The Golden Rule of Management
If you Google the phrase “Management vs. Leadership,” you will find dozens of authors making distinctions between the two. Even more impressive are the YouTube videos that speak to this distinction. Boiling it down to its essence, we will define management as the process of getting things done, we would hope, in an efficient manner. Leadership, on the other hand, is the process of getting things done through people. Here is the challenge: people do not always cooperate. The secret of leadership is to gain the trust and commitment of followers—essentially, to get them to cooperate.
Both management and leadership are essential to a successful organization. So, we decided to merge the two into what we call “The Golden Rule of Management,” a rule by which people are treated with faith, trust, and respect.
Let’s be more specific. In a work setting, faith is believing in your people—believing that they want their organization to be successful. Trust is the willingness to obtain worker input and giving workers the autonomy to do their jobs without interference or micromanaging. Respect is treating workers with dignity and valuing them as people and employees. Together, we believe these represent the way most of us want to be treated—thus, the Golden Rule of Management.

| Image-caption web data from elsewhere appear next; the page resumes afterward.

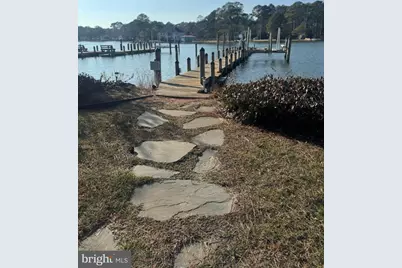 10135 Waterview Drive, Ocean City, MD 21842 - Photo 3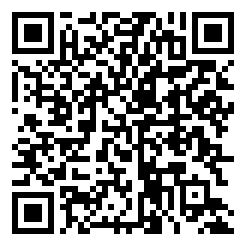 Amazon QR-Code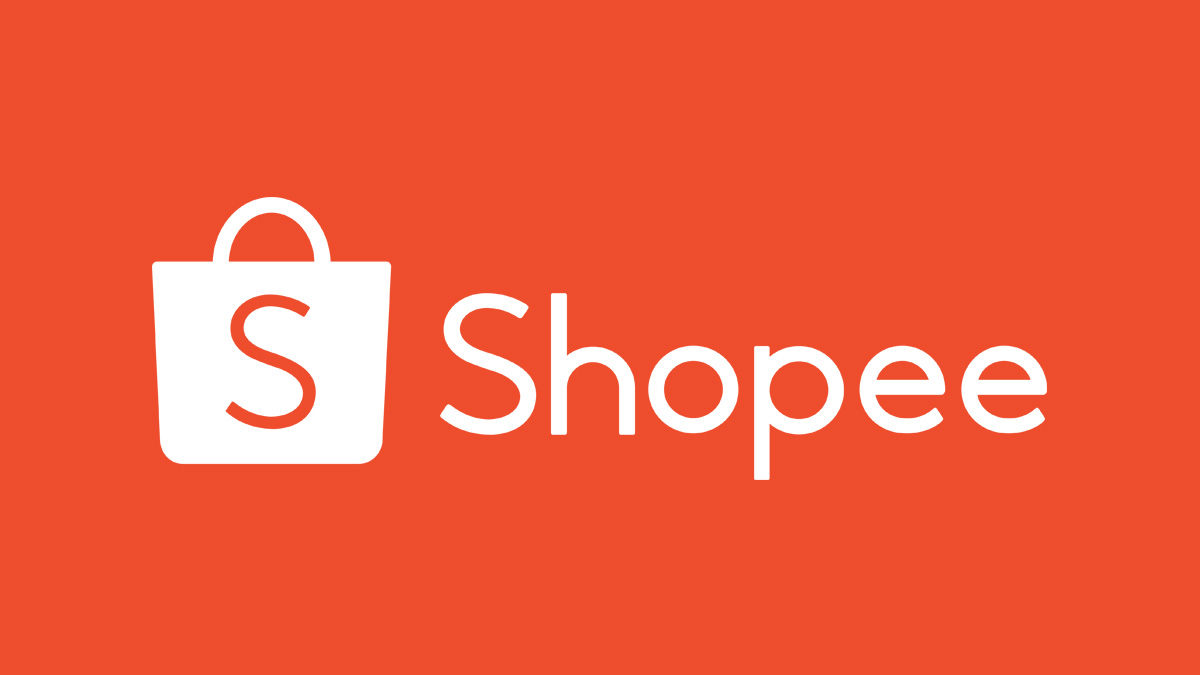 Shopee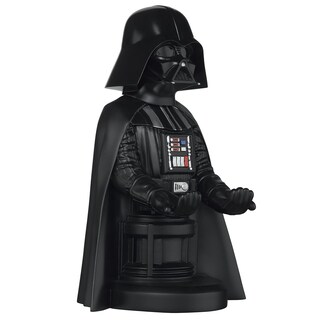 Foto 6 | Foto 6 | Soporte Para Teléfono Móvil Y Controlador De Juegos Exquisite Gaming - Venta Internacional.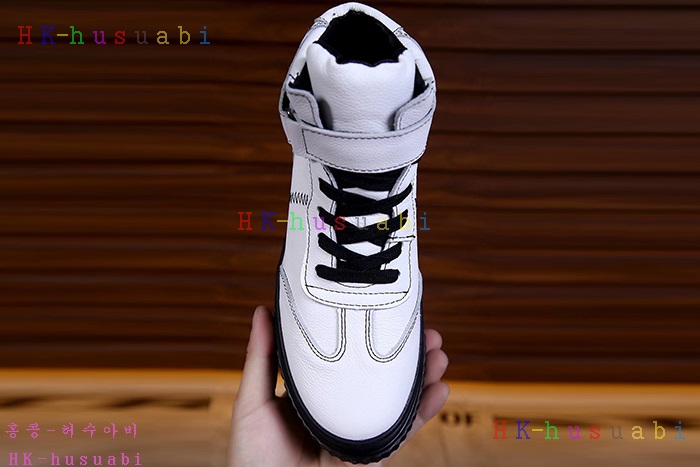 NEW ������ ������ �Ź� C47711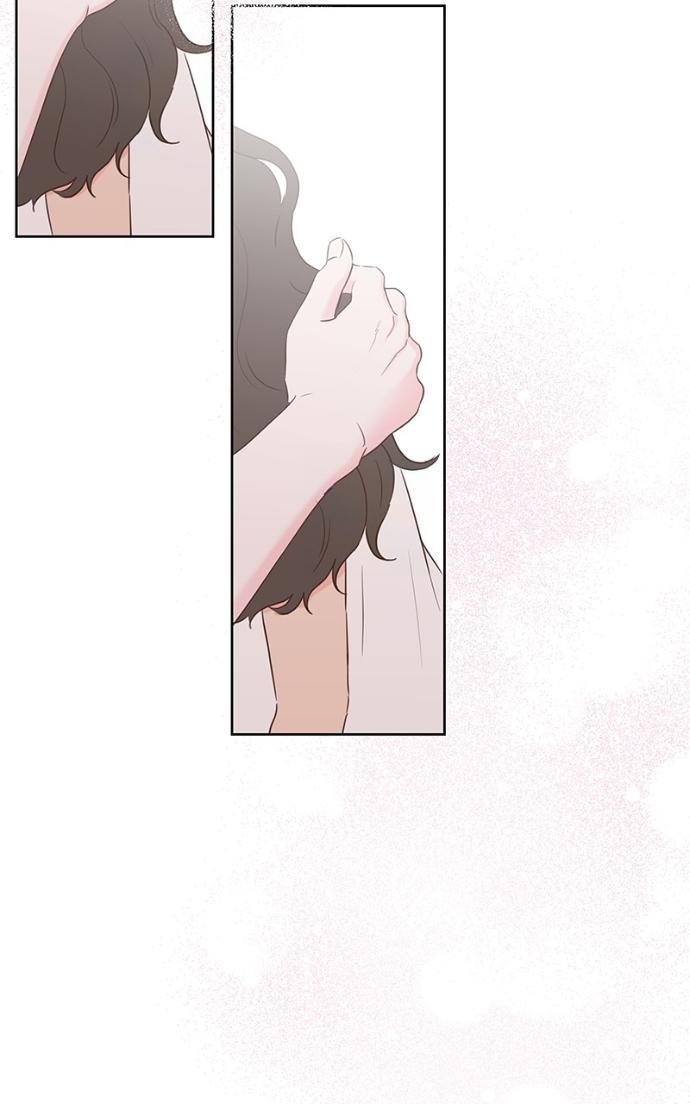 My Secret Crush Chapter 32 page 110 - 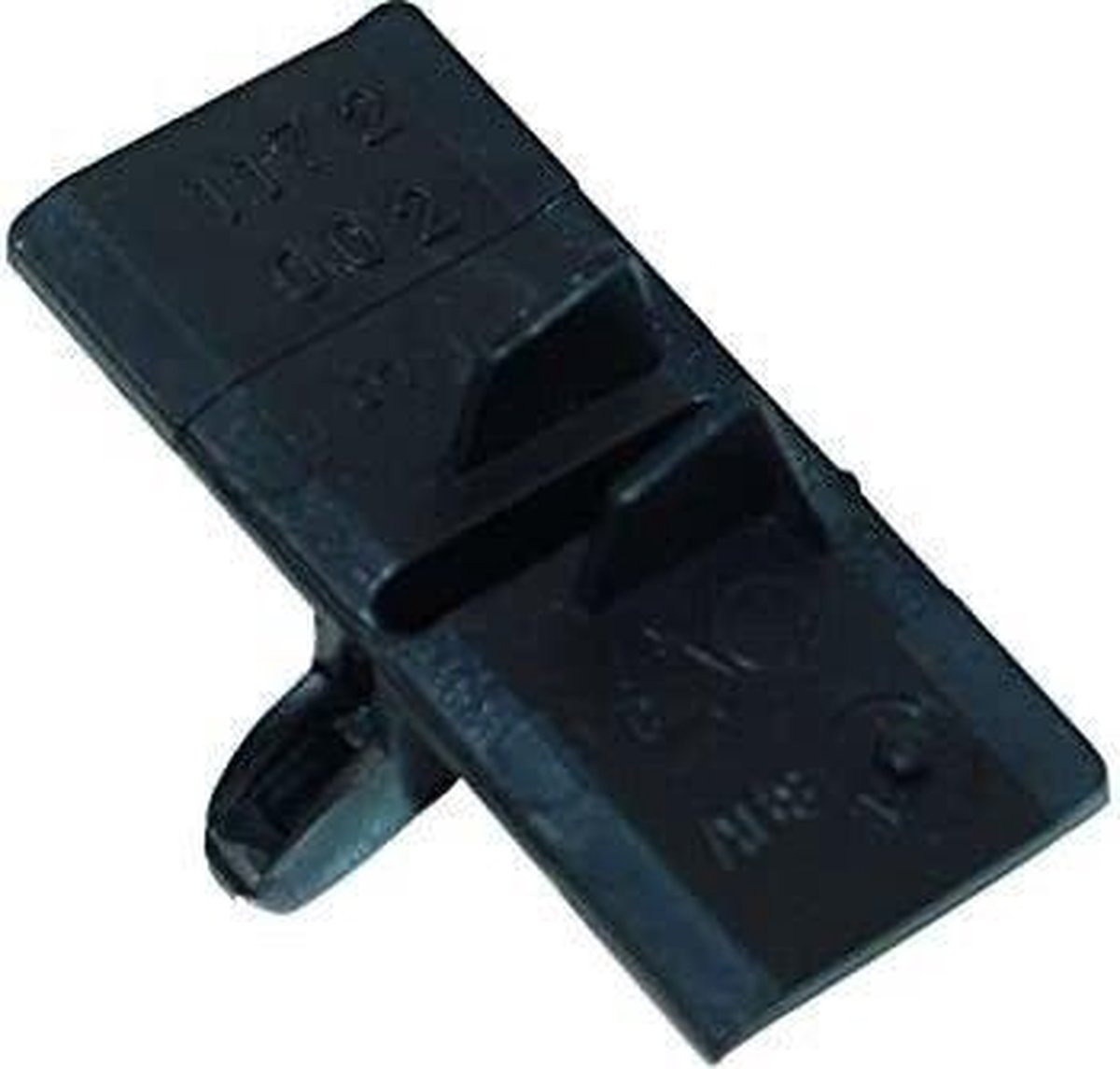 Smeg Schuifje Knop van verlichting KSED65, KSED95 766410472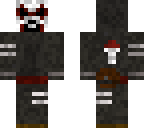 anbu ninja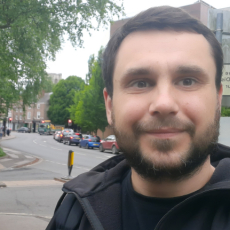 Олег 36 фото 1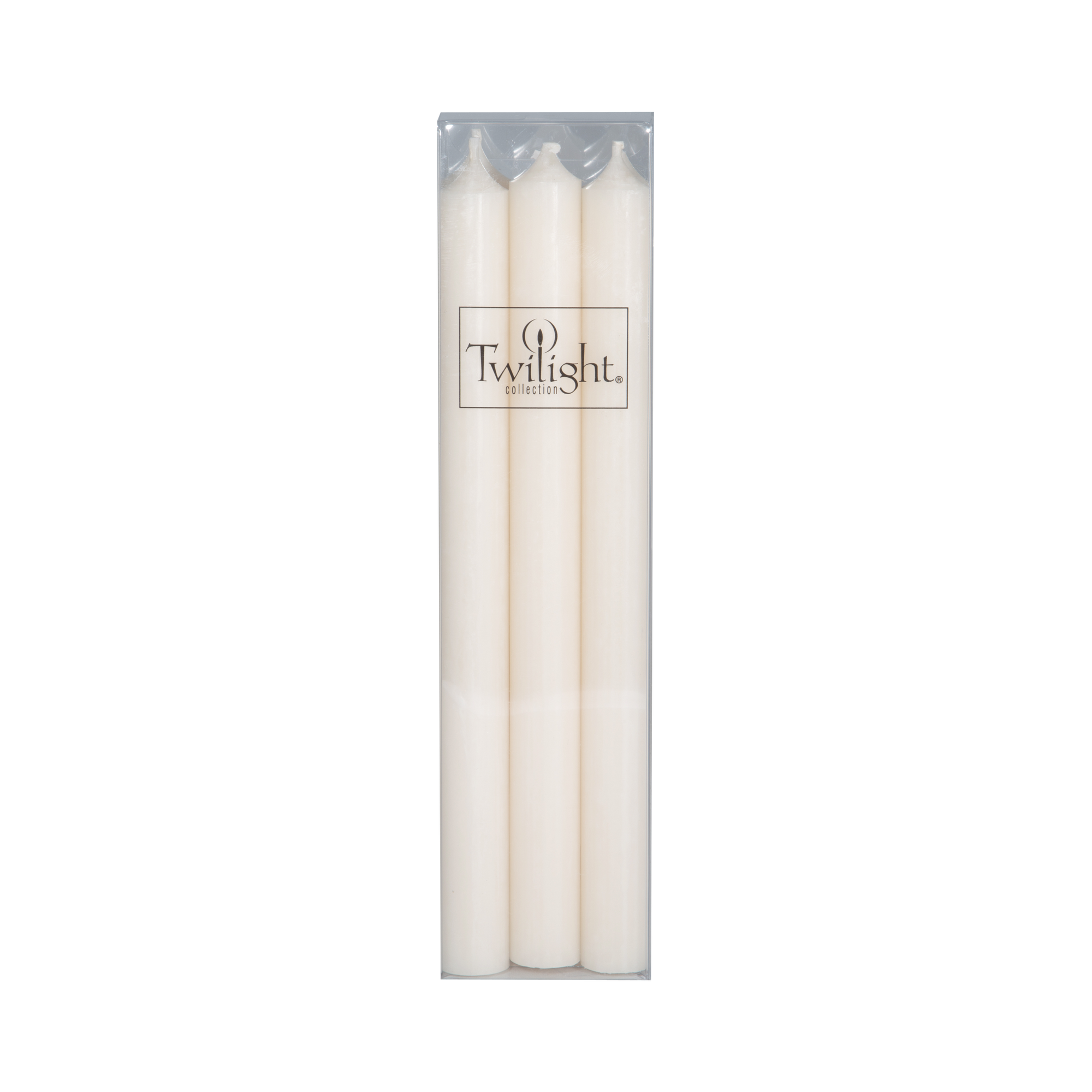 The unscented 10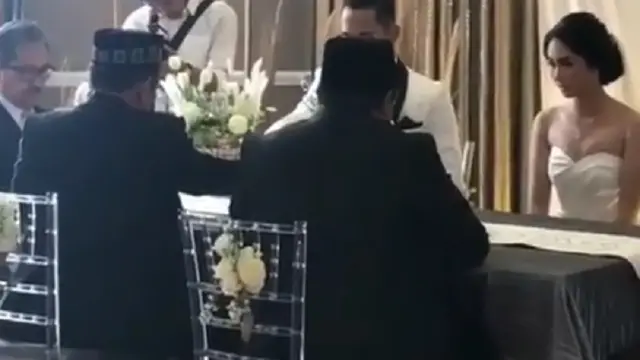 Ryuji Utomo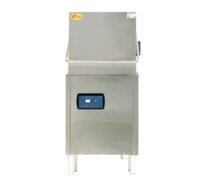 Máy rửa bát công nghiệp Clean Pro CLP-201 - Hàng chính hãng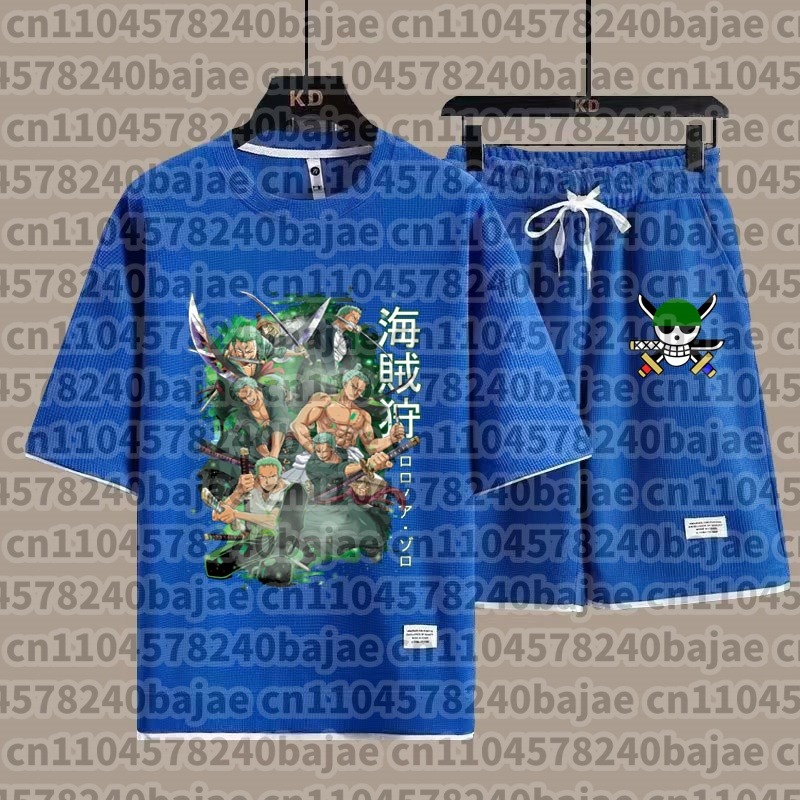 One Piece Kids Outfit Chopper  – Boyshort Underwear recenzja i cena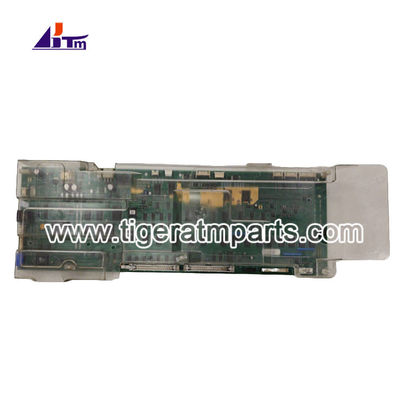 01750055781 Wincor CMD V4 Control Board USB Assd With Cover ATM Parts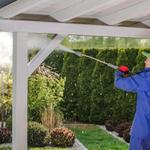 Savannah Splash Pressure Washing - photo 1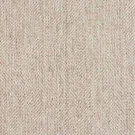 NOURISON_SPLENDOR-SPLND_SPLENDORSTRIA_SPLST_HEATHERWOOD_HRHWD_SAMPLE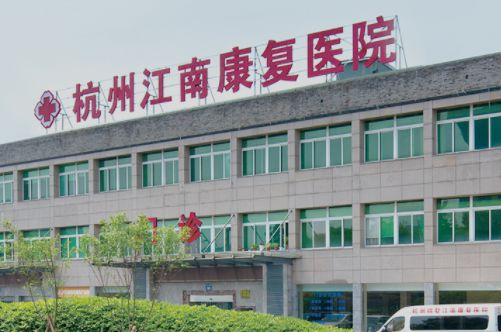 下载 - 2023-02-13T154756.530.jpg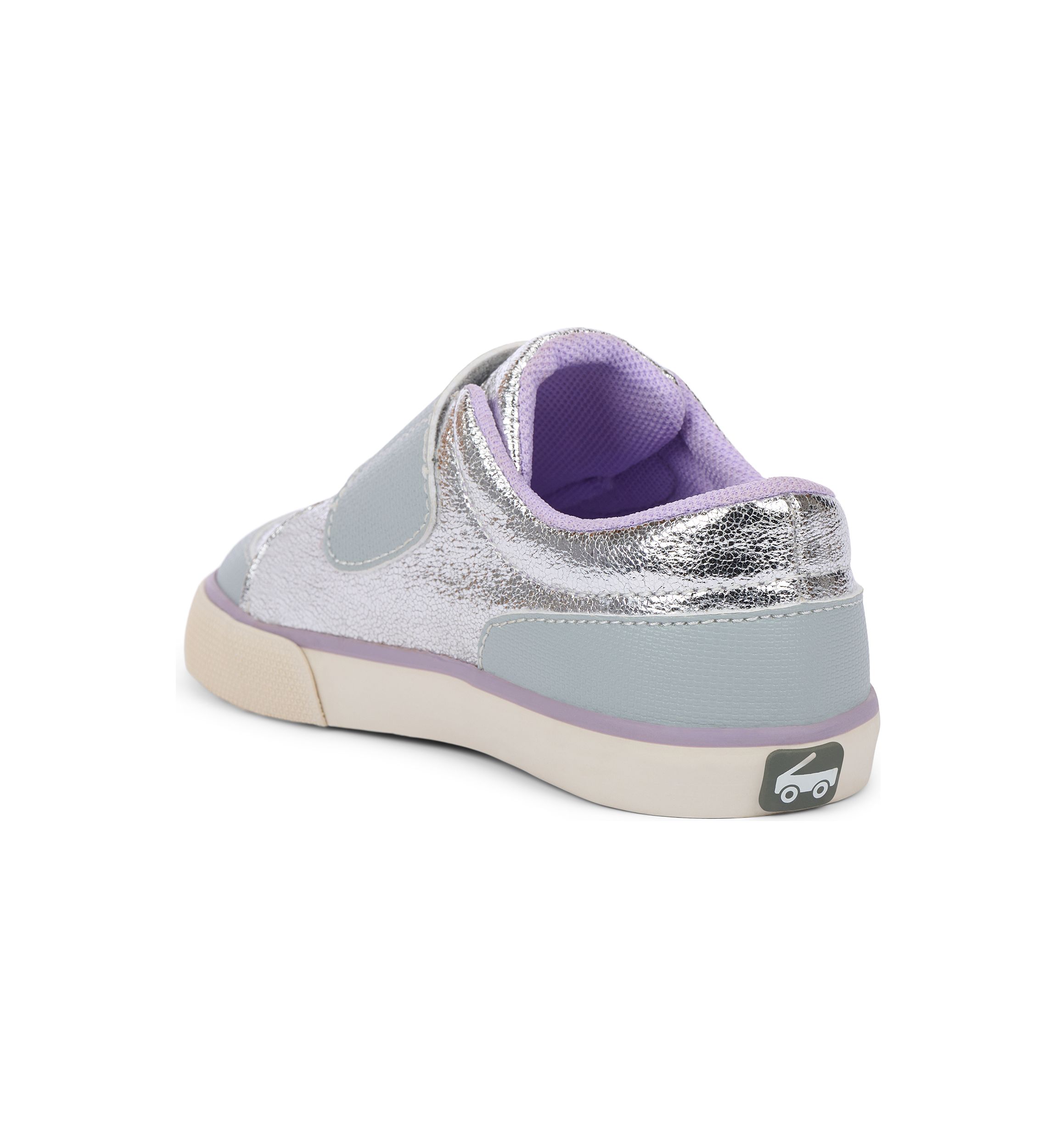 Little Kid Girls Toni Sneakers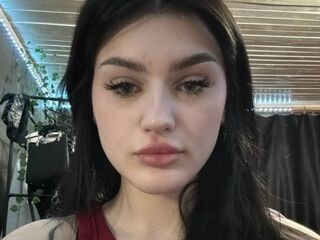 topless camgirl ZonaLavender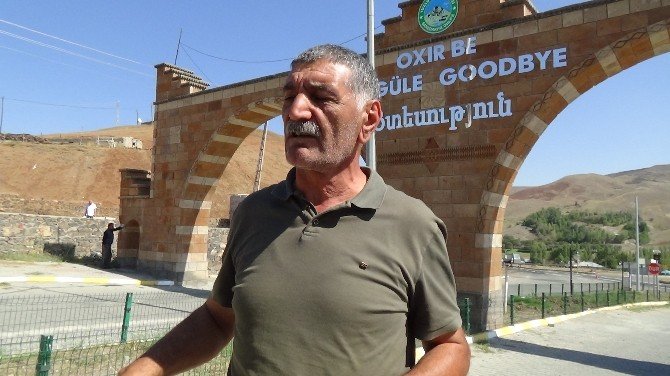Dbp’li Belediye Eş Başkanından Oğan’a Cevap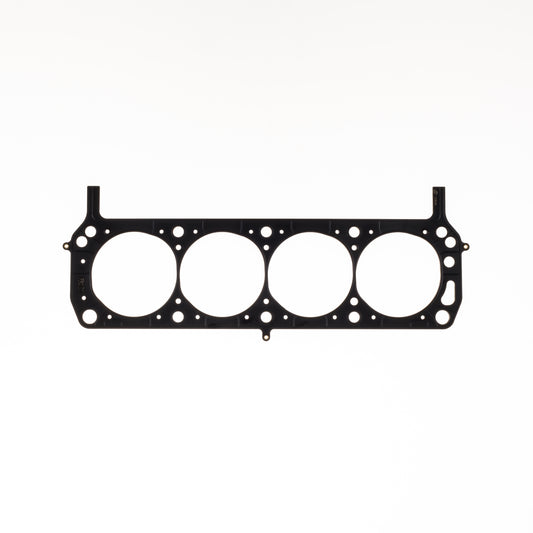Cometic Automotive Ford 302/351W Windsor V8 Cylinder Head Gasket C5366-120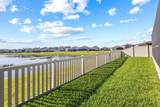 3071 Marine Grass Drive - Photo 52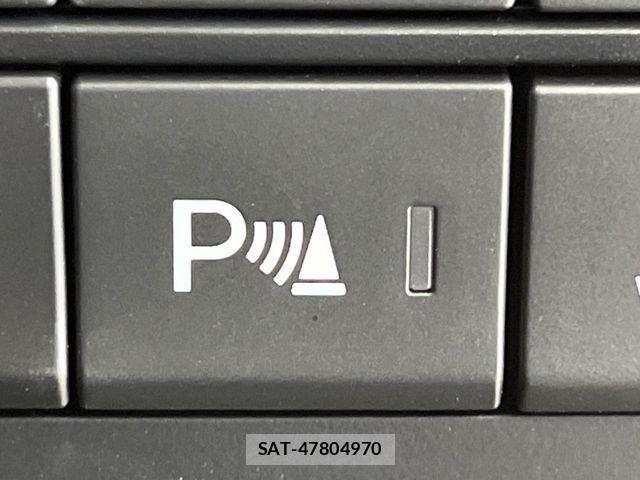 Mazda MAZDA2 2024-11 8208547-6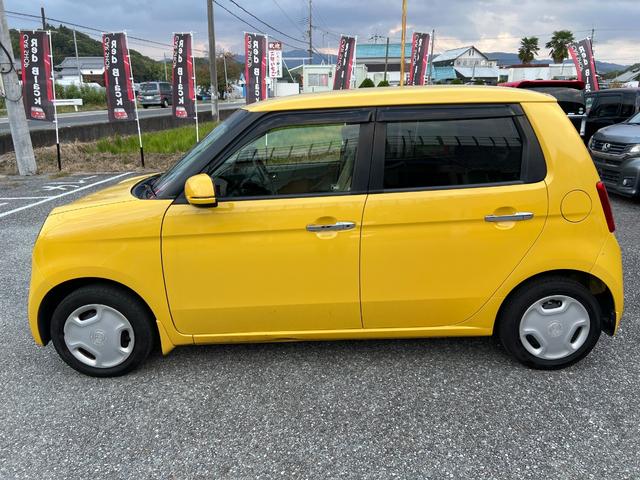 Ｎ－ＯＮＥ Ｇ・Ｌパッケージ　検２年　バックカメラ　ＥＴＣ　ディスプレイオーディオ　ＣＤ　ＨＩＤ　スマートキー　ベンチシート　バックカメラ　ＥＴＣ　ディスプレイオーディオ　ＣＤ　ＨＩＤ　スマートキー　ベンチシート（6枚目）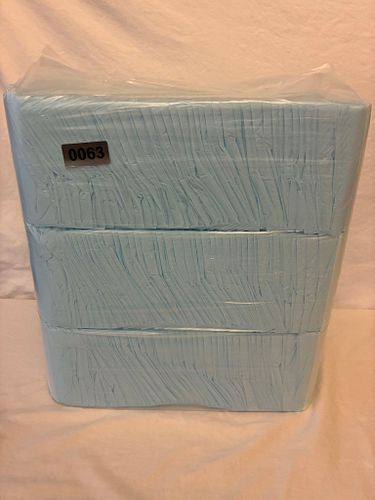 Lot #23 (1 of 2)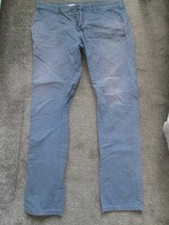 Twisted soul blue for sale Twisted soul blue for sale  NEWCASTLE UPON TYNE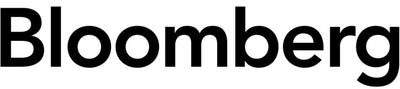 Logo 7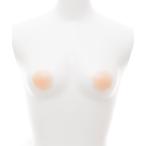 ヌーブラＸ・ニップルカバー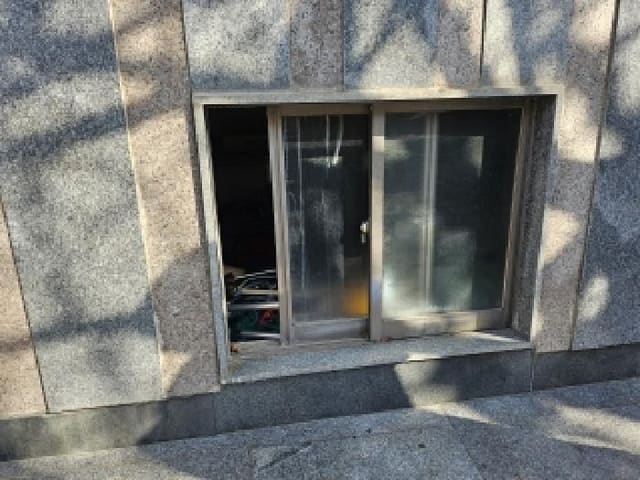 B000420202501300008704.jpg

At GM’s Tonawanda Engine Plant, Don Rust and his management team adopted the Golden Rule of Management. There was zero tolerance for managers who failed to embrace the core values that are the basis of this management style. It is this style of management that helped to create a culture that energized the workforce. For example, on any given day, it was not unusual to experience 20 percent more engines produced than the daily average from before the Golden Rule of Management was adopted. This increase in output was done within budget and without overtime or any special push from management. When the plant set a world record of 8,832 engines produced in one day, it was done with the full cooperation of workers, their union, and management working together. Upon reporting this production record to top executives at GM headquarters in Detroit, the first concern they expressed was about the effect on budgets and whether this record was achieved at the expense of quality. In fact, this record-setting day produced the engines at lower cost and at 100-percent quality. These top executives were focused on managing resources in an efficient manner. They had no idea what could be accomplished when leadership is used to treat workers with the faith, trust, and respect that are the essence of the Golden Rule of Management.